Mr Annan described the booklet, Foreign Dir ect Investment in Africa: Performance and Potential, as "an important step to help change the image of Africa, to put the continent back on the investment-location map."

It is being distributed to companies throughout the world by UN offices and ICC, the world’s leading business organization, which has member companies and business associations in more than 130 countries.

The main findings of the booklet were released in the form of a fact sheet at a joint press conference called by Secretary-General Annan and ICC President Adnan Kassar. The ICC President is Chairman of Fransabank, a leading finance and banking group with main offices in Lebanon.

In his foreword, Secretary-General Annan said that the United Nations was determined to help Africa to develop and to play its full part in the global economy. "We are particularly concerned to help promote investment – domestic as well as foreign – as a means of strengthening the supply side of the African economy."

UNCTAD said the tendency to lump African countries together in a single stereotype gives a wrong impression. The agency reported that the great majority of African countries have substantially improved their regulatory frameworks for foreign direct investment. "Today, regulatory conditions in many African countries are on a par with those in other developing countries," it said.

The fact sheet lists seven investment "front runners" – Botswana, Equatorial Guinea, Ghana, Mozambique, Namibia, Tunisia and Uganda. It comments: "The dynamism of their FDI inflows now rivals other well-performing developing countries. Though the seven countries account for less than one tenth of the continent’s population and GDP, they received one quarter of African FDI in 1996."

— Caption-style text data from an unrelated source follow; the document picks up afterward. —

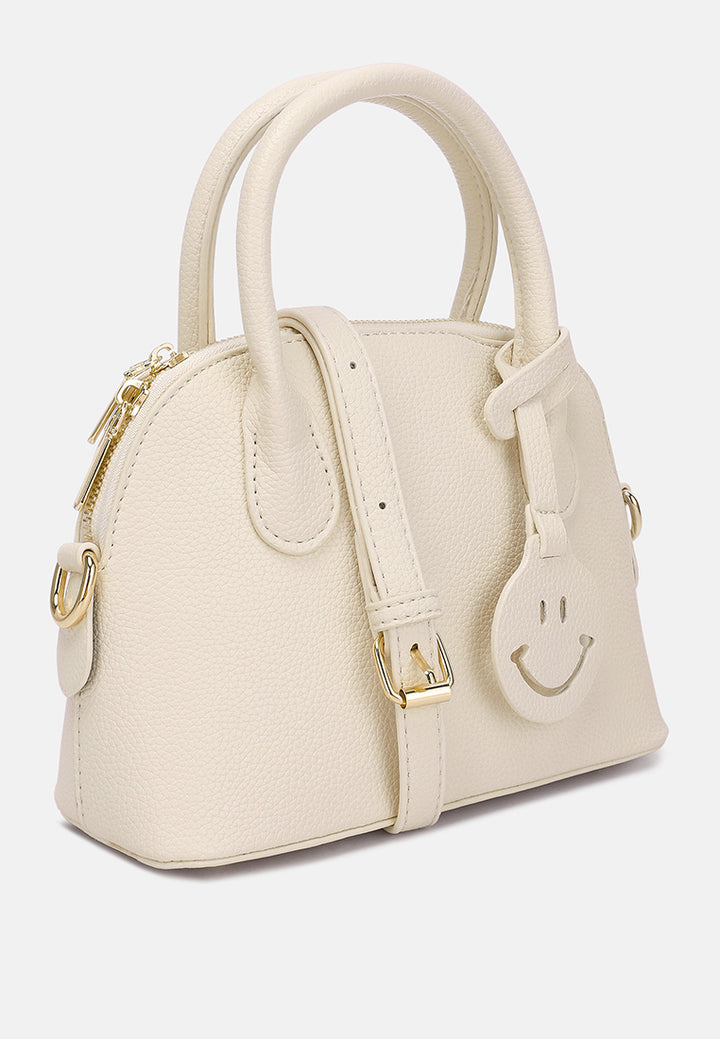 smiley bag tag shoulder bag by ruw#color_off-white
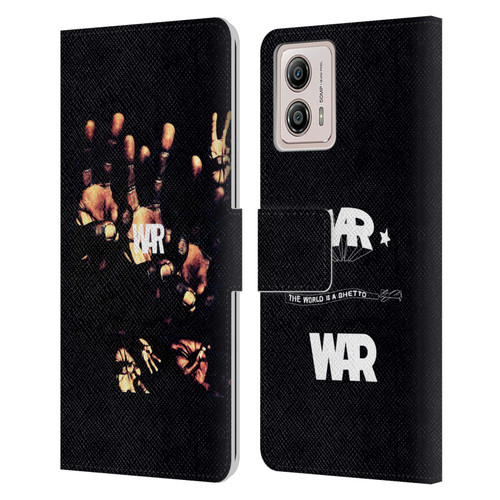 War Graphics Album Art Leather Book Wallet Case Cover For Motorola Moto G53 5G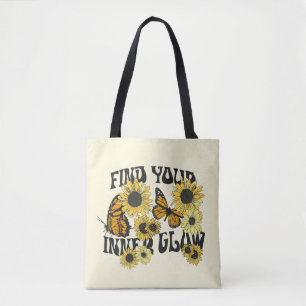 Bolsa Tote Borboleta Vintage Encontre seu brilho interno
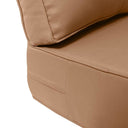 AD104 Piped Trim Medium 24x26x6 Deep Seat Back Cushion Slip Cover Set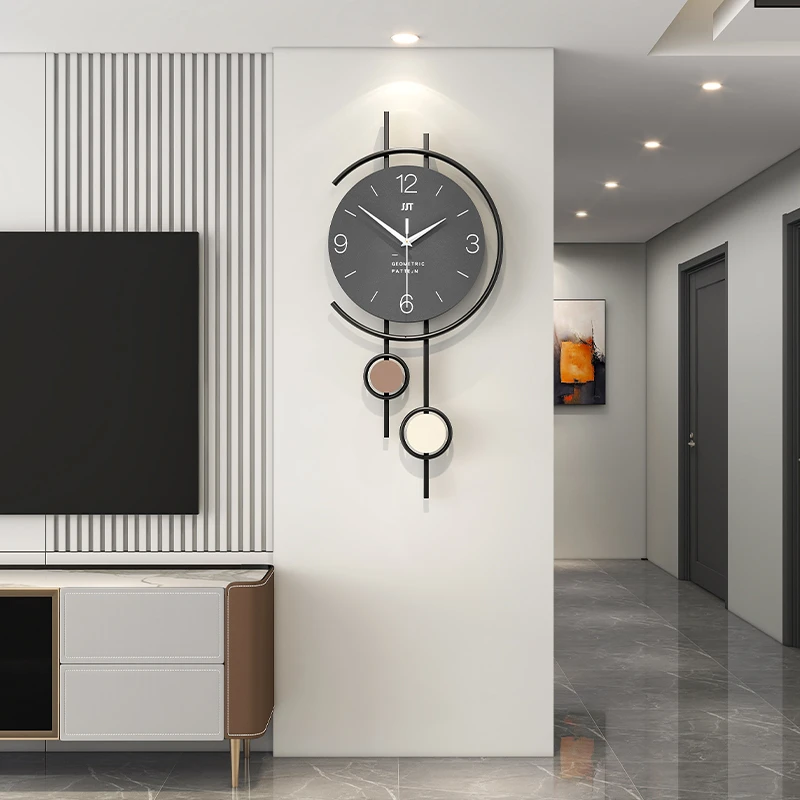 久久达轻奢挂表简约钟表新款大气客厅钟表钟表挂墙式家用挂钟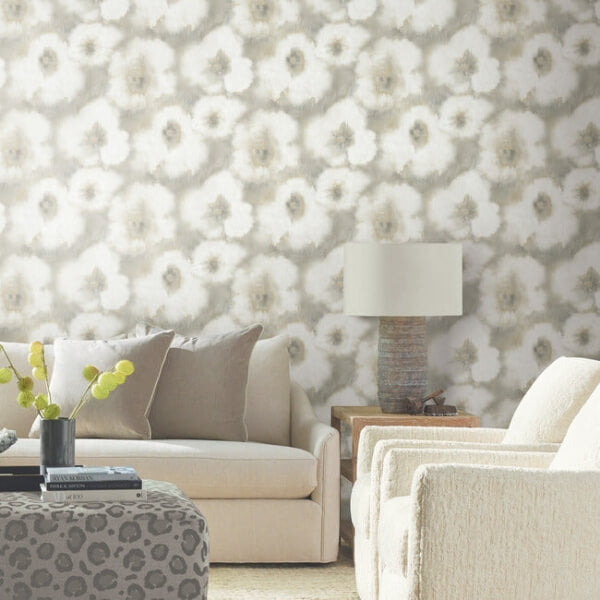 Blended Floral Neutral Wallpaper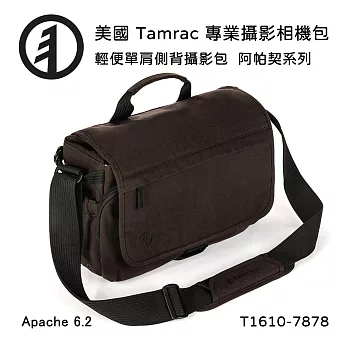 Tamrac 美國天域 Apache 6.2 輕便單肩側背攝影包(公司貨)-咖啡 T1610-7878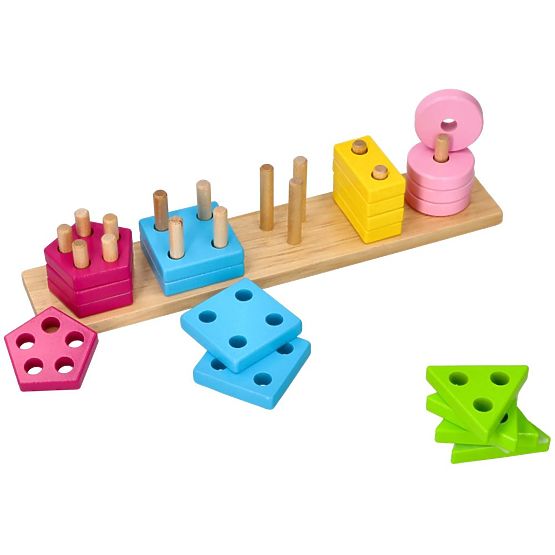 Goki wooden puzzle - recognizing shapes
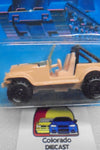 1986 HOT WHEELS ACTION COMMAND TAN ROLL PATROL JEEP CJ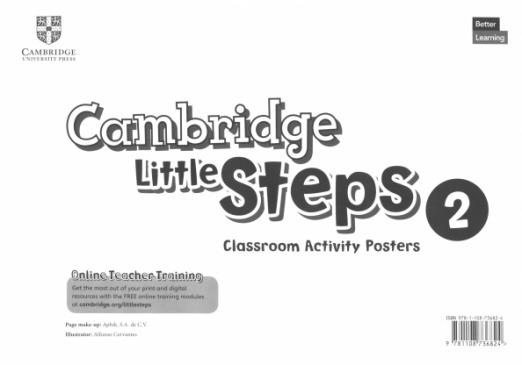 Cambridge Little Steps 2 Classroom Activity Posters / Постеры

According to UNCTAD, data for African affiliates of United States multinational companies show annual returns on FDI averaging 29% since 1990. "The profitability of their African affiliates has been consistently higher in recent years than that of affiliates in most other regions of the world, including those of the developed countries."

UNCTAD Secretary-General Rubens Ricupero said: "A number of front runner countries have attracted above-average amounts of FDI…From the viewpoint of some foreign companies, investment in Africa seems to be highly profitable, more profitable indeed than in most other regions."

The fact sheet contains comments on investment and business prospects in Africa by Barclays Bank, Citibank, Coca-Cola, Marubeni, Nestl, Novartis, Royal Dutch/Shell, Standard Chartered, Unilever and Vodafone.

Several of the executives quoted emphasized the importance of political stability in making investment decisions. One view expressed was that more needed to be done to create the economic, social and political environment in which companies can succeed.

Dominic Bruynseels, Managing Director, Barclays Africa, gave this assessment of investment prospects: "Several key African economies are growing at an impressive rate, encouraged by growing political stability and financial prudence. Trade and exchange rate liberalization are features of the reforms designed to facilitate international investment and to achieve an economic climate that encourages business development."

The UNCTAD fact sheet on foreign direct investment in Africa is a joint initiative with the World Bank’s Multilateral Investment Guarantee Agency (MIGA), the UN Development Programme (UNDP) and ICC.